Nishimori Sensei noted that the biggest issue he saw was that we tend to be a bit too stiff and jerky with our movements. He said that our hits and movement should flow, and that we should have "beautiful" Kendo. He demonstrated what he meant with a few passes with Ando Sensei. He said that we should have a nice straight back and posture, to let our chests "open up" during kamae, and that we should lead with our legs and hips and let our upper body follow, instead of leading with the hands, as this tends to make us lean forward into the hit. Watching him demonstrate was very cool. He made all of his movements seem so effortless, yet they were fast and powerful still.

Nishimori Sensei also mentioned, as we've heard before, to keep our kamae down at our center and at least a fist away from our body. What I mean by this is that when in kamae we should be able to fit a fist between the handle of the shinai and our body. When we hit we should have straight movements up and down, and with the left hand on Do, and that we shouldn't lean when we side step or move out of center to hit. Instead we should move and turn the body and still keep our hands moving straight up and down our centers.

I wish that I understood Japanese so I could catch everything that he said last night, but he was very good at getting his points across using visual cues and references (along with Ando Sensei translating). It was a great night, and I was very lucky to be part of it!

A few thoughts from last night:

Men: Use that reach advantage! I need to be able to play with distancing a bit more, so I might try changing up my distance from here on out to get myself used to hitting from all kind of distances, including from as far out as I can.

Do: Continue to work on it. I felt like I made some real progress last night, and that all the pieces are starting to come together. Now I need to get my head in the right place and stop thinking about the hit so much and just do it. I believe that is one last piece of advice I received from Takado Sensei before she left. Don't think, just go...

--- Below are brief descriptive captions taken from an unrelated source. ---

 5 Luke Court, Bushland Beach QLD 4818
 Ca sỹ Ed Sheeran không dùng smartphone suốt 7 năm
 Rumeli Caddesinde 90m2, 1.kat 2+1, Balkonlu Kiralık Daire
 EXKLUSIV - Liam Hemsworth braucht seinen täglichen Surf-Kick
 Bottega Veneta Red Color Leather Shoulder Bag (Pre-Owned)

Hiki Waza: As Mark stated, be careful with this one. I need to keep working on the speed, but I can ease up on the force of the blow a bit. Power does NOT equal speed.

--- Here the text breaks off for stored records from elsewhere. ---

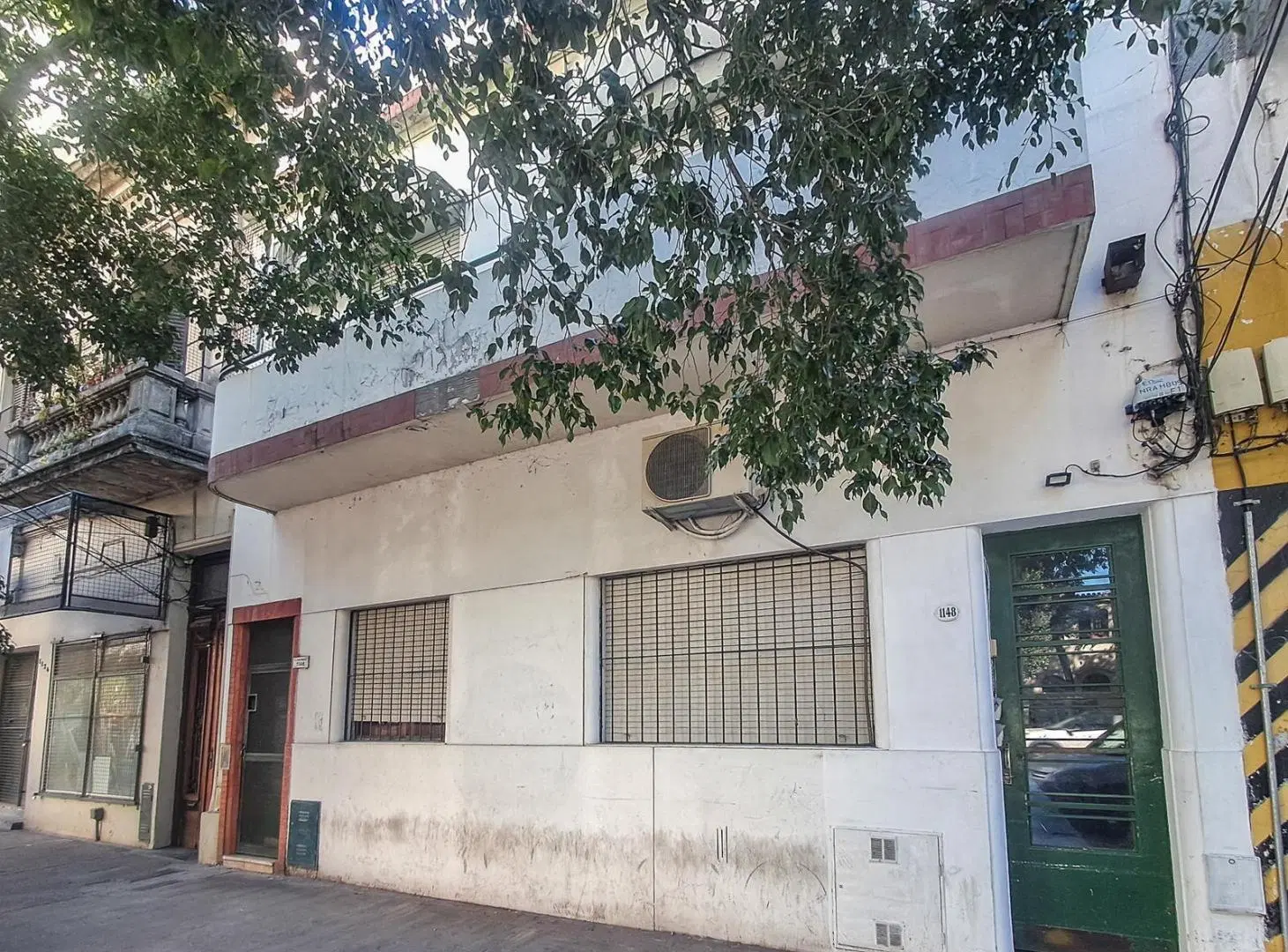 PH refaccionado de 3 ambientes con patio y terraza en venta en el Cid Campeador 4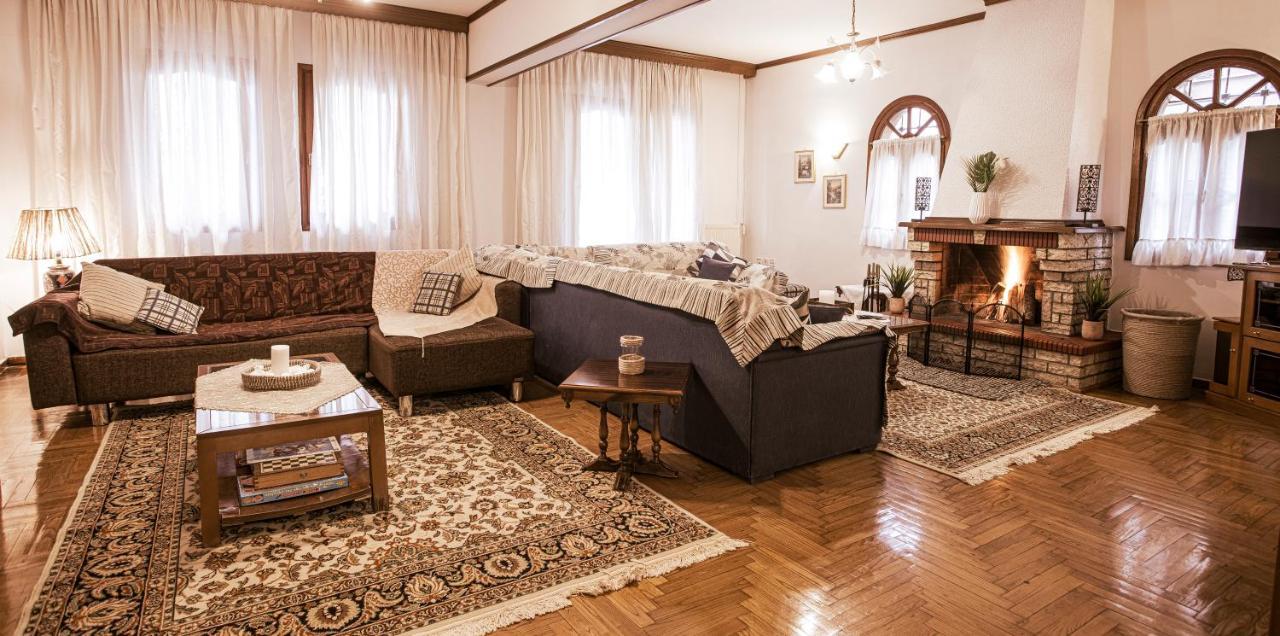 Georgia'S Guesthouse Касторія Екстер'єр фото
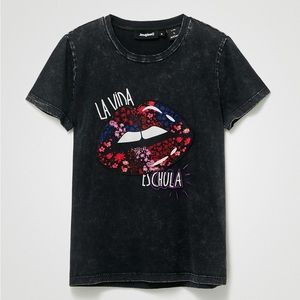 Desigual Embroidered Lip Patch T-shirt NWT Size XL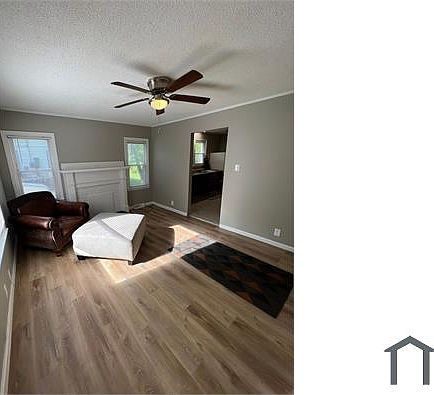 4th image of 1007 S Church St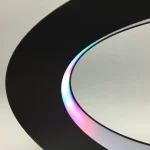 Anello luminoso con luci LED colorate, oggetto decorativo scientifico moderno e innovativo. Perfetto per ambienti educativi, studi o come elemento di design originale.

Fumikomi: I felt better with my fumikomi step last night, but I need to make it a bit more forceful now. I tend to do a very soft step when landing on the whole foot. I can still have the force of the step, but distribute it throughout the foot as I land using the whole bottom of my foot instead of just my heel.

Kiai: Sensei pointed out that spirit and energy come from our Kiai, and it should be forceful, but that doesn't mean that it needs to be as loud as possible. I think that I make this mistake without even thinking about it. I just open my mouth and let it out, but I can be more forceful with it without being super loud. It's something I worked on after he mentioned it, and something I'll have to remember to do in the future.

I'm looking forward to practice on Saturday! There's so much I want to work on, and so little time to share with my fellow kenshi!

Tuesday, June 15, 2010

What's the best way to relax? Ask McNally Sensei!

I feel good today! I was up a bit late last night, but I dragged myself out of bed regardless to go jogging this morning. I'm able to jog! A little bit, but still it's a LOT better than before when I couldn't jog or hardly even walk long distances without any pain. Yes, go me!!

As the title implies, Sean (McNally Sensei) led class last night, and he wanted to make sure that we were all very relaxed during class. So what did he do? After warm-up exercises he had us do suburi. A LOT of suburi. 50 sets of Jogeburi (swings using full range of motion behind our back and forward), Men, Kote, Sayu-Men (Tai-a sabaki), Katate Men (Only 20 for each hand). We then partnered up to do a hitting drill down and back across the dojo floor. One person would hold Kote height, and the other would fumikomi with each step and hit Kote with each step, as fast as we could. Finally we did 5x5's, down and back. If you don't know what 5x5's are...well, you're lucky!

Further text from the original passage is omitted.